> **What you have to do**:
Leaving out the pictures, retype the lines from the beginning of the listing through the line containing "diy多功能钳钢骨钳鱼骨钳钢条钳 钢筋钳剪线钳钢丝绳剪线钳钢丝".
------------------------------------------------------------------------
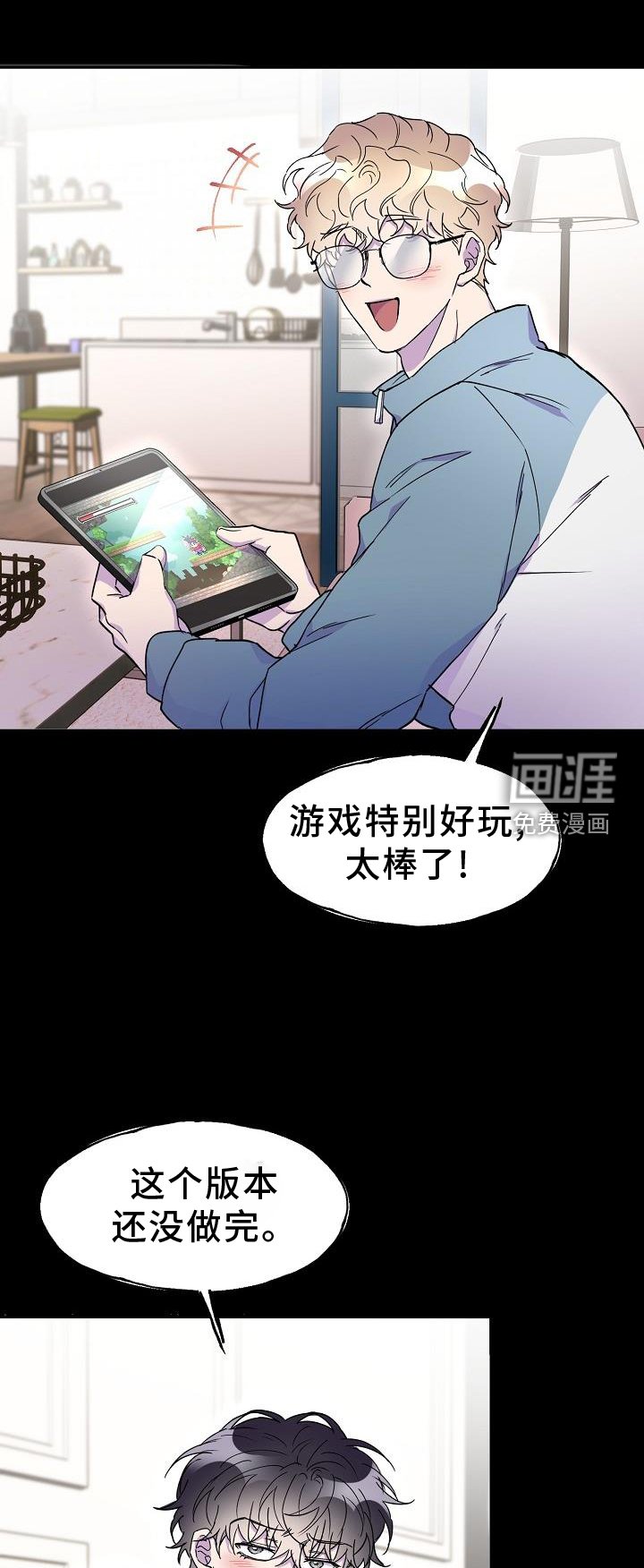 第31章：去我家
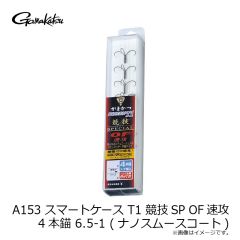 がまかつ　A153 SC T1 競技SP OF速攻 4本錨 6.5-1 (ナノスムースコート)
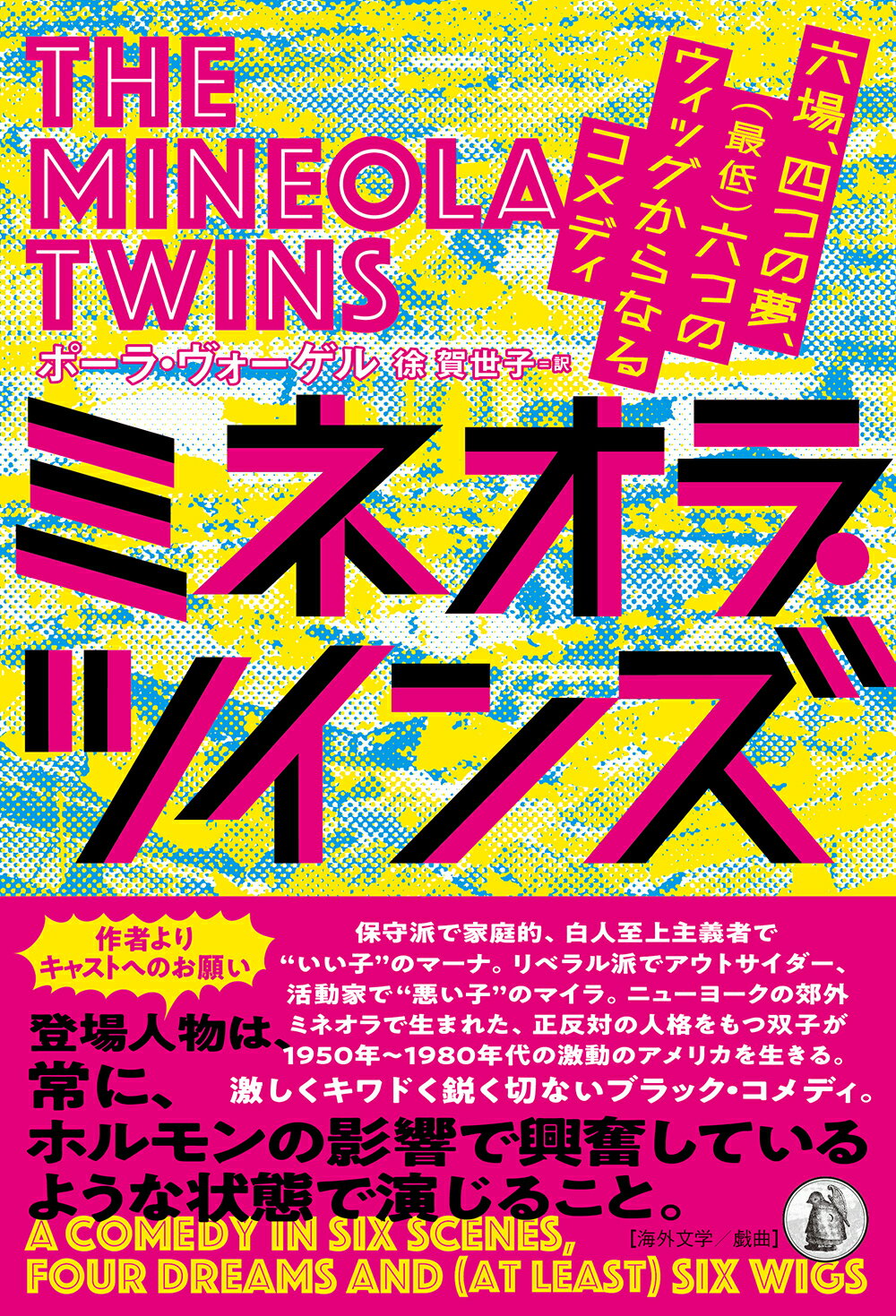 Suku→Boh vol.16〜22 Books Kinokuniya: Suku→Boh<vol．16（2021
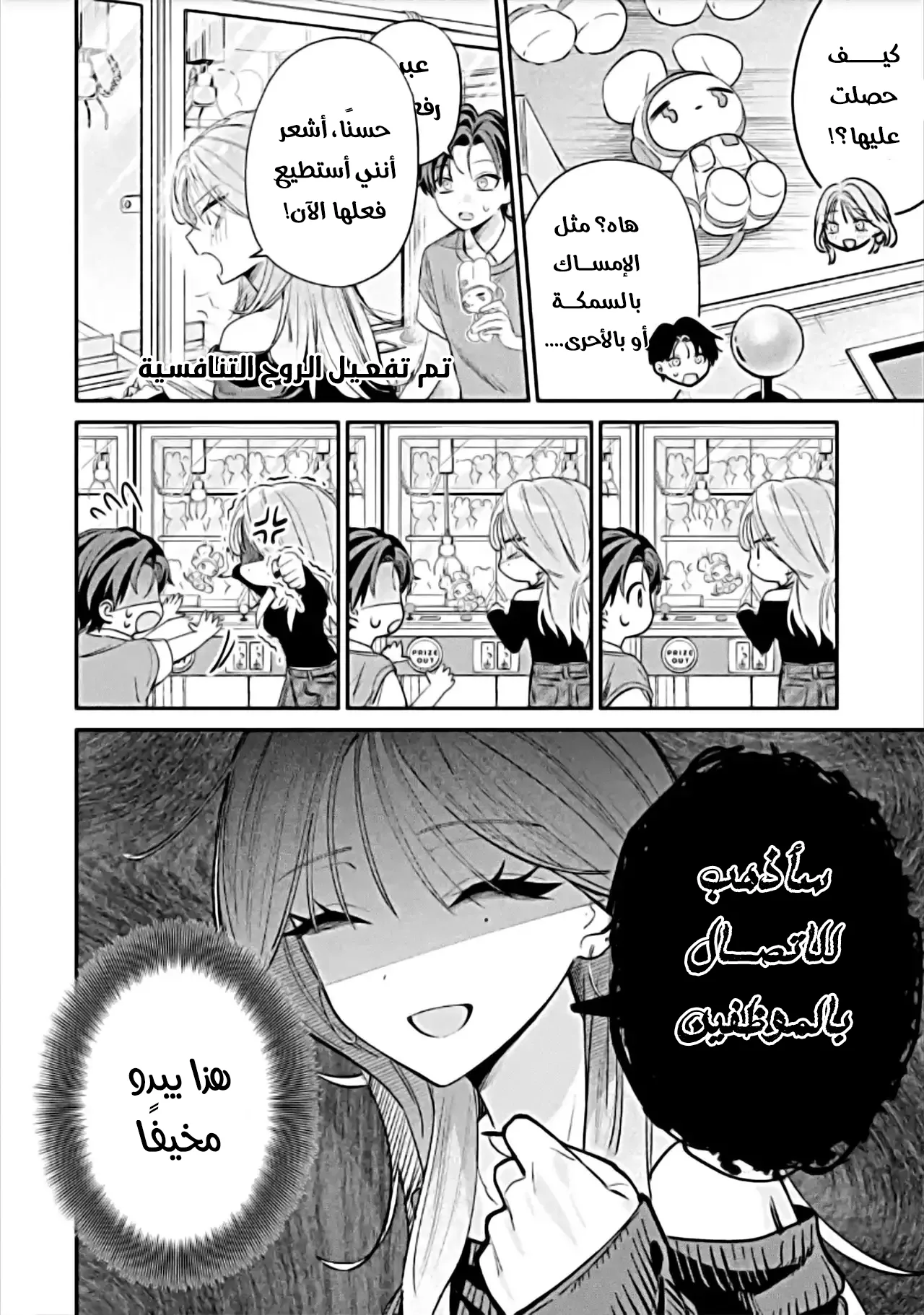 Read Haimiya-senpai wa Kowakute Kawaii AR Manga Online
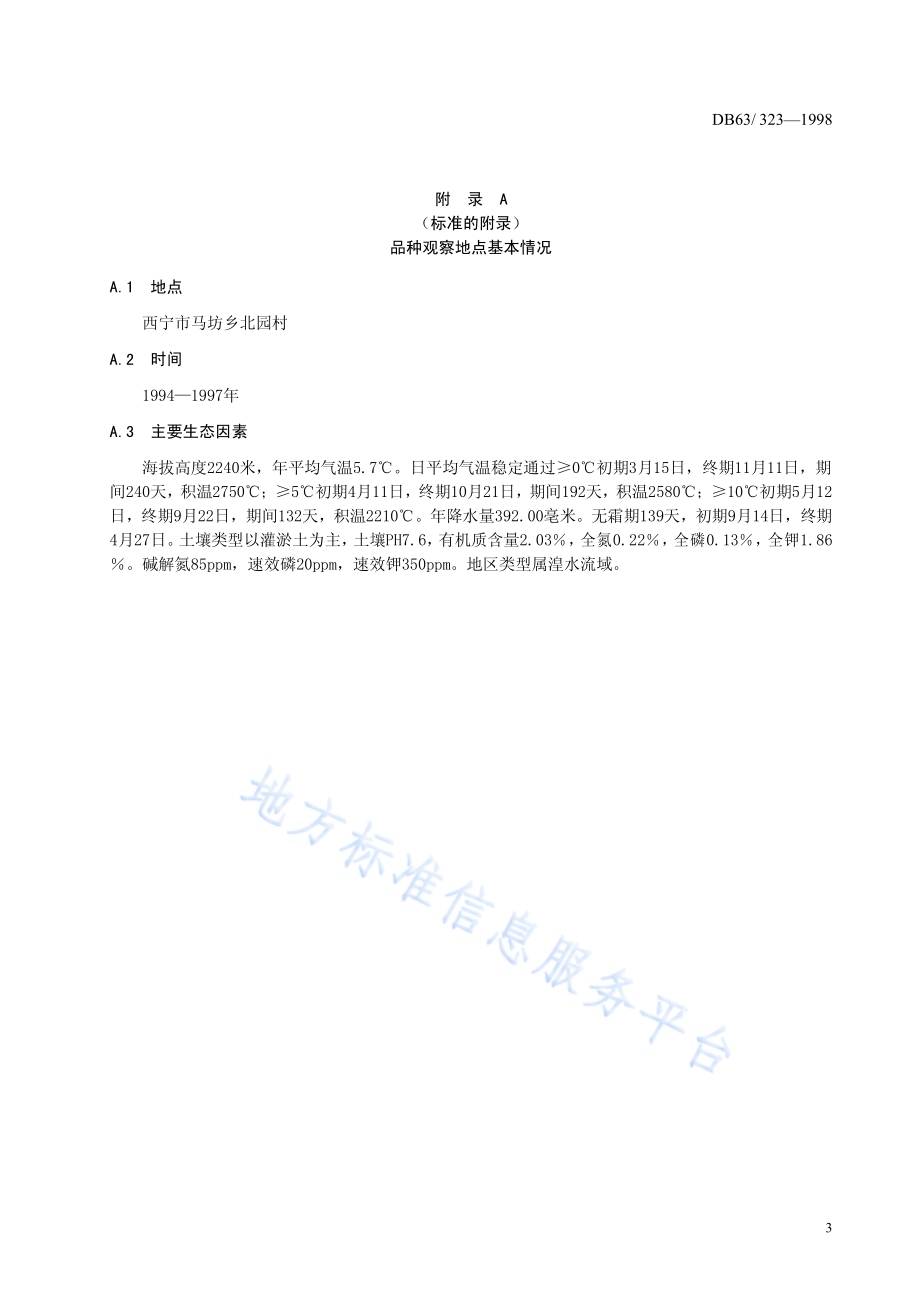 结球甘蓝新中甘11号品种DB63／T323—1998.pdf_第5页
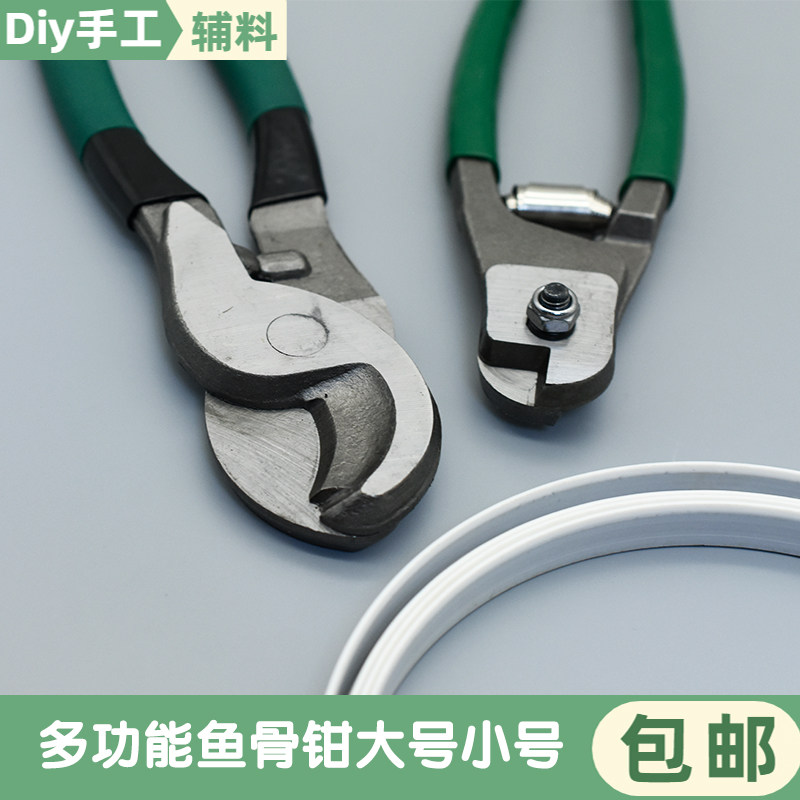 diy多功能钳钢骨钳鱼骨钳钢条钳 钢筋钳剪线钳钢丝绳剪线钳钢丝
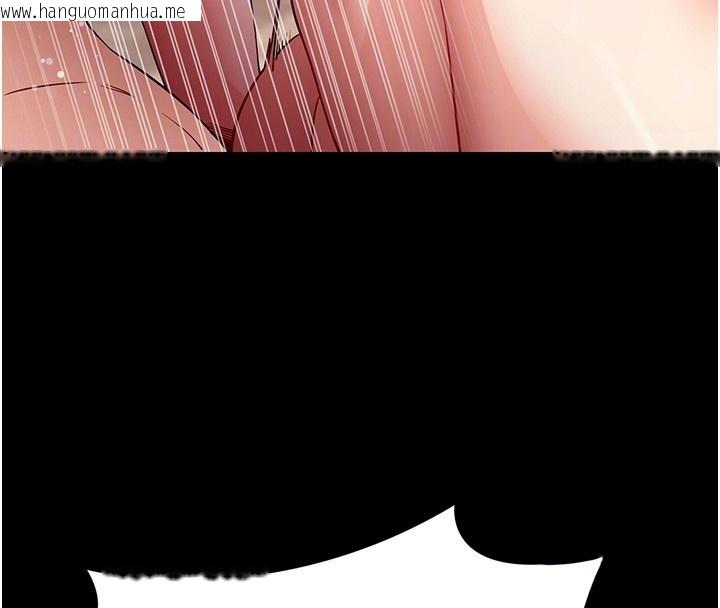 韩国漫画拜脱拜脱App韩漫_拜脱拜脱App-第54话-发泄不完的精力在线免费阅读-韩国漫画-第35张图片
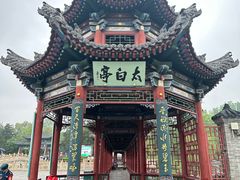 -晋祠公园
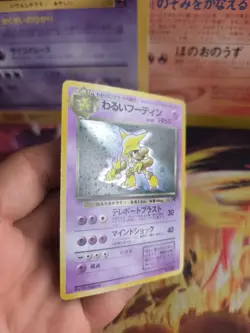 Pokemon Karte Card DARK Alakazam Team Rocket Gang Simsala Holo Wotc japanese NM - Image 4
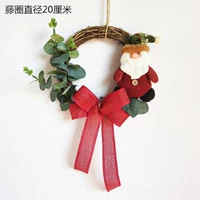 Рождественский круг Teng (№ 15)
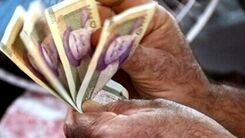 خبر مهم برای کارگران | تعیین حداقل حقوق کارگران تغییر کرد | حداقل حقوق کارگران ۱۶.۵ میلیون می شود؟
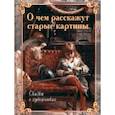 О чем расскажут старые картины. Сказки о художниках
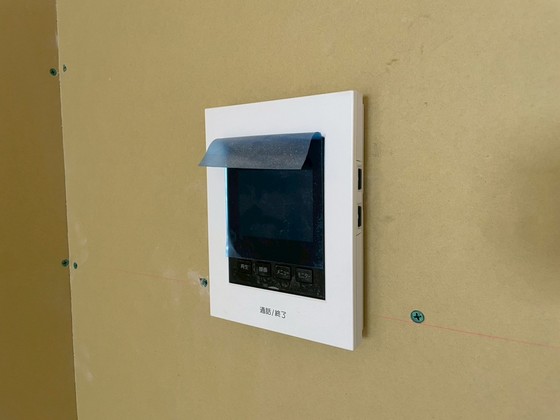 サンライズ舟入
------------------------------------------------------------------------
> **Reply**:
 第31章：去我家
 がまかつ　A153 SC T1 競技SP OF速攻 4本錨 6.5-1 (ナノスムースコート)
 Suku→Boh vol.16〜22 Books Kinokuniya: Suku→Boh<vol．16（2021
 Read Haimiya-senpai wa Kowakute Kawaii AR Manga Online
 结球甘蓝新中甘11号品种DB63／T323—1998.pdf_第5页
 diy多功能钳钢骨钳鱼骨钳钢条钳 钢筋钳剪线钳钢丝绳剪线钳钢丝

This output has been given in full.